**Work task**
Take the records below and set down exactly the lines from the one with "Yamaha electone awm" to the one with "Unholy Gloves: Red", ends included; do not copy the pictures.

**Data**
——

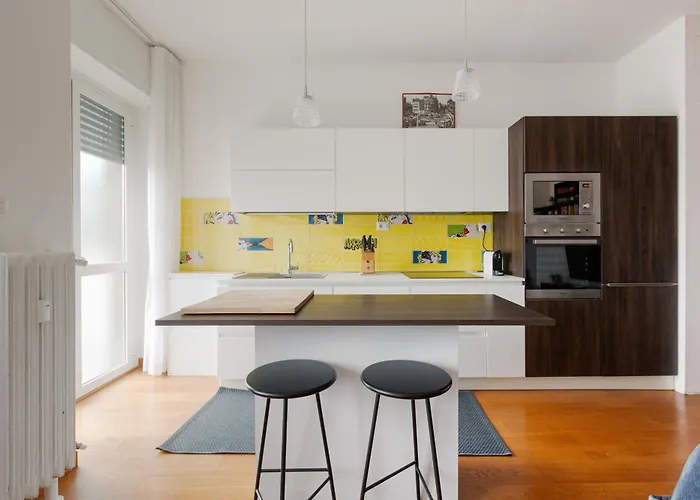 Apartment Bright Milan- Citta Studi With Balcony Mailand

——

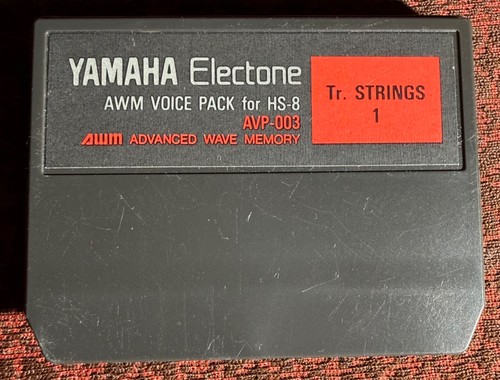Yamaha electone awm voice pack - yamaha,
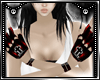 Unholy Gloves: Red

——

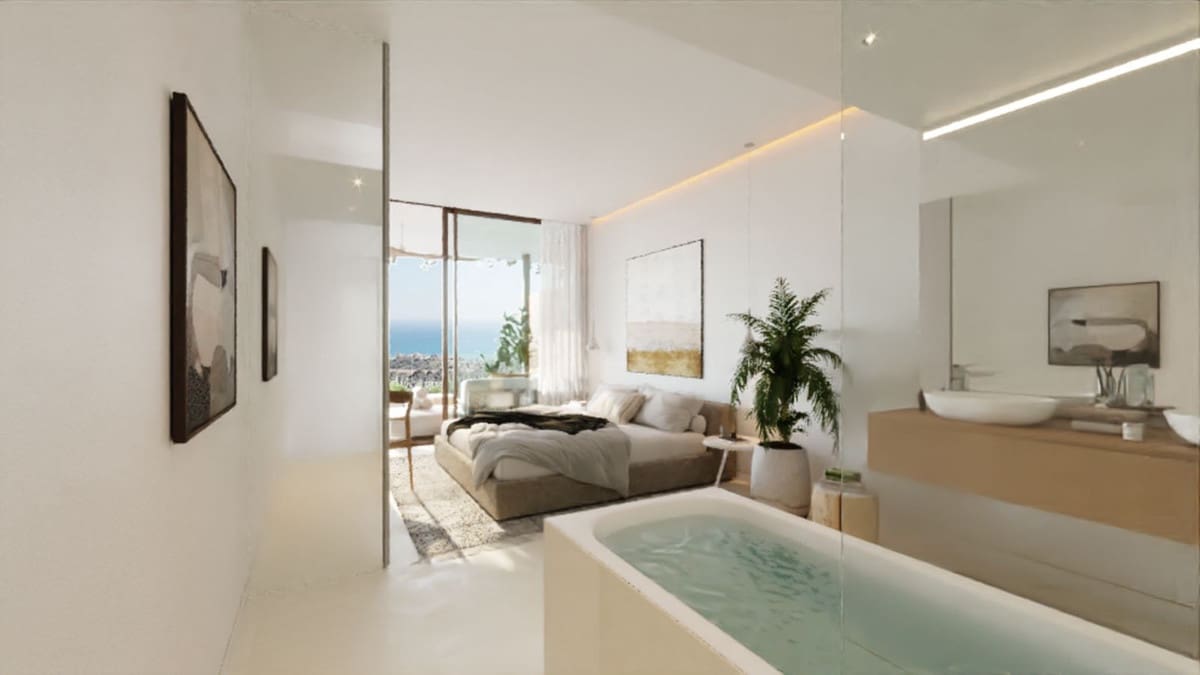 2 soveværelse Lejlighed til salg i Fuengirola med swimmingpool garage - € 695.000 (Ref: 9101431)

——

**Response for this exercise**
Yamaha electone awm voice pack - yamaha,
 Unholy Gloves: Red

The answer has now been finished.